Mark Mathis, associate producer for the film Expelled: No Intelligence Allowed, and a film crew went to Lilley’s office about 10 a.m. When they learned Lilley was in Houston and unavailable Thursday, Mathis asked to speak with Baylor spokeswoman Lori Fogleman.

Not satisfied with the hoax e-mail attributed to President Lilly by Bill Dembski, the ID version of the Keystone Kops tried to ambush Lilly. I don’t endorse ambush journalism even when the journalists are honest and competent, but Mathis’s dishonesty and lack of manners in dealing with other stars of his films suggest Mathis is the last person on Earth who should be doing such stuff.
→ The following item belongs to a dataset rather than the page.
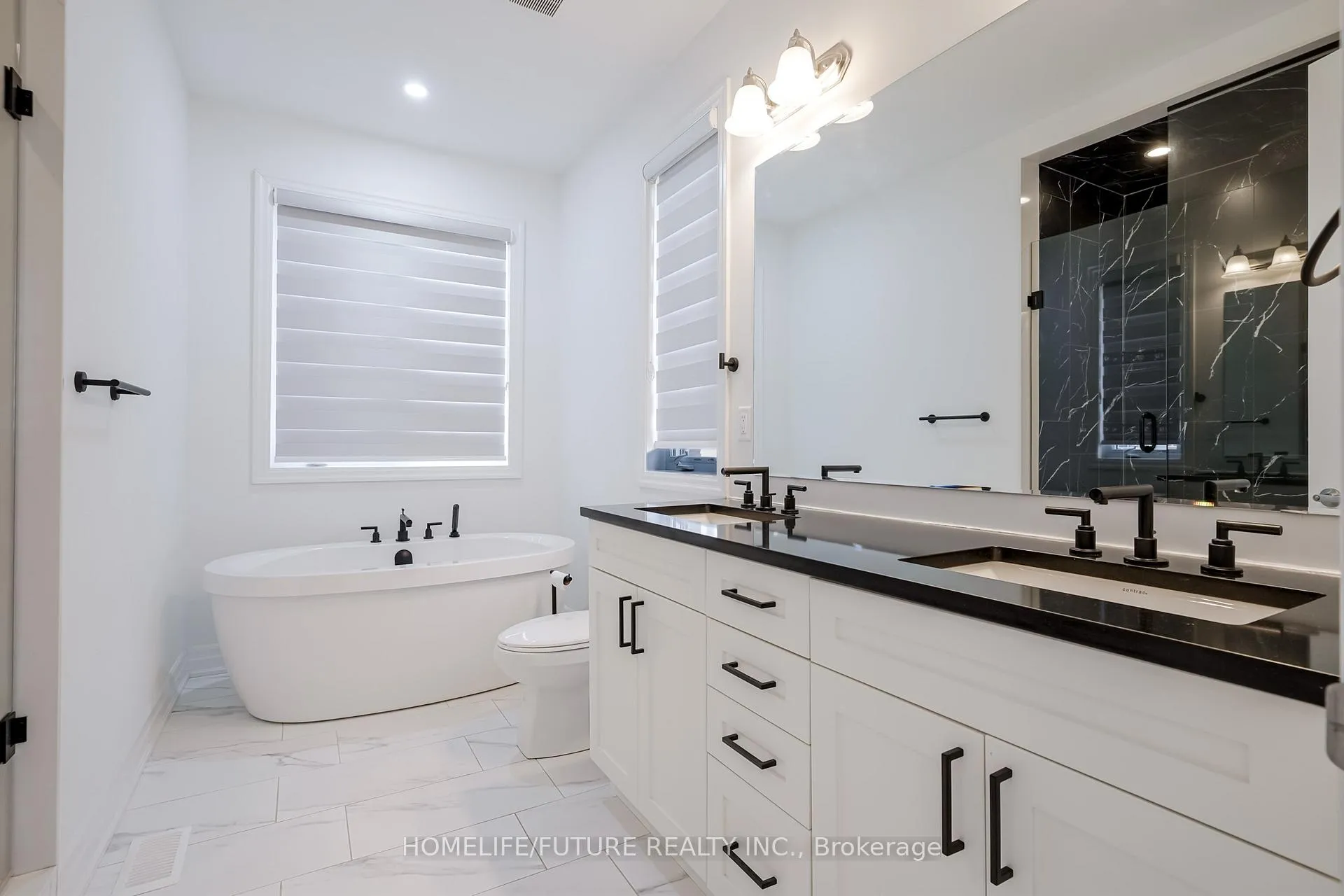 Photo 32 of 2809 Foxden Square, Pickering, Rural Pickering — HOMEH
Mathis said Stein and the film’s producers believe Baylor’s removal of distinguished engineering professor Robert Marks’ Web site devoted to evolutionary informatics — a concept Marks’ collaborator, William Dembski, termed “friendly” to intelligent design — from its server is an example of academic suppression.

While Baylor officials have said the site was removed for procedural reasons, namely the absence of a disclaimer separating the university from involvement in Marks’ research, Mathis believes it was taken down because of its content.
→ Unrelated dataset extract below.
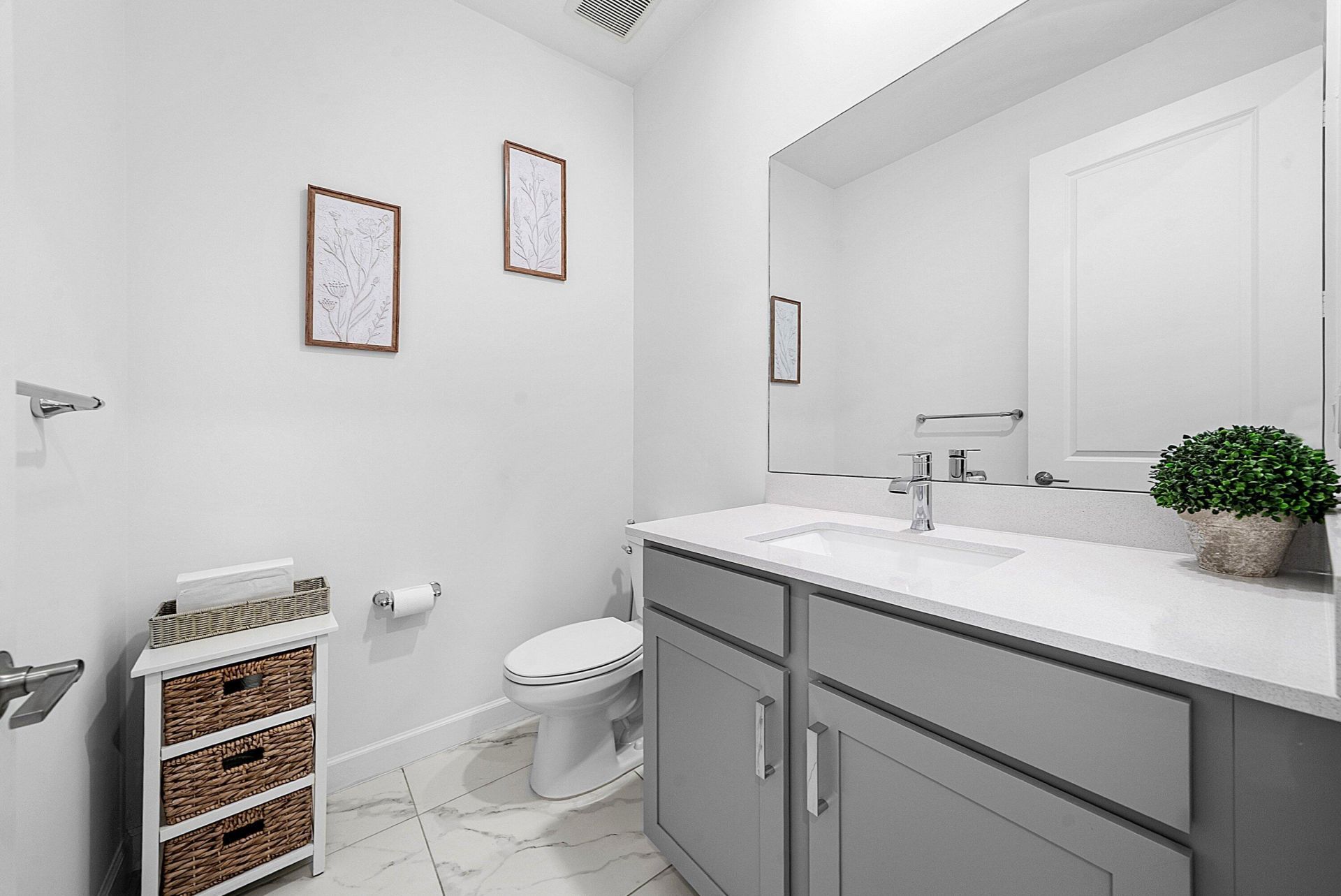 865 Hookline Circle, Loxahatchee, FL 33470 Photo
“To us, it seems pretty obvious what’s going on with Professor Marks’ Web site. . . . To us, that’s academic persecution and suppression,” Mathis said. “What is the problem with tenured, distinguished university professors pursuing a scientific idea? What’s wrong with that? It’s especially interesting in the case of Baylor, in that this is happening at a Christian university.”

Baylor provost Randall O’Brien, who was in New York on Thursday, said Marks is free to conduct evolutionary informatics research and, like Fogleman, denied the site was removed because of its content.

“What we say is you have the freedom to formulate your own views and so forth, just make sure that you issue a disclaimer that your particular view does not necessarily express the view of Baylor University,” O’Brien said. “We fully endorse the right and responsibilities of academic freedom.”

While Mathis was at Baylor, he could have ambushed Prof. Marks, and challenged Marks to tell him what Marks’ research hopes to find, and asked Marks to show the lab for the world.

It would have been the first time that anyone has ever caught on film that elusive animal, the intelligence design research facility.

If the lab exists, it would be the first time ever caught on film. If it exists.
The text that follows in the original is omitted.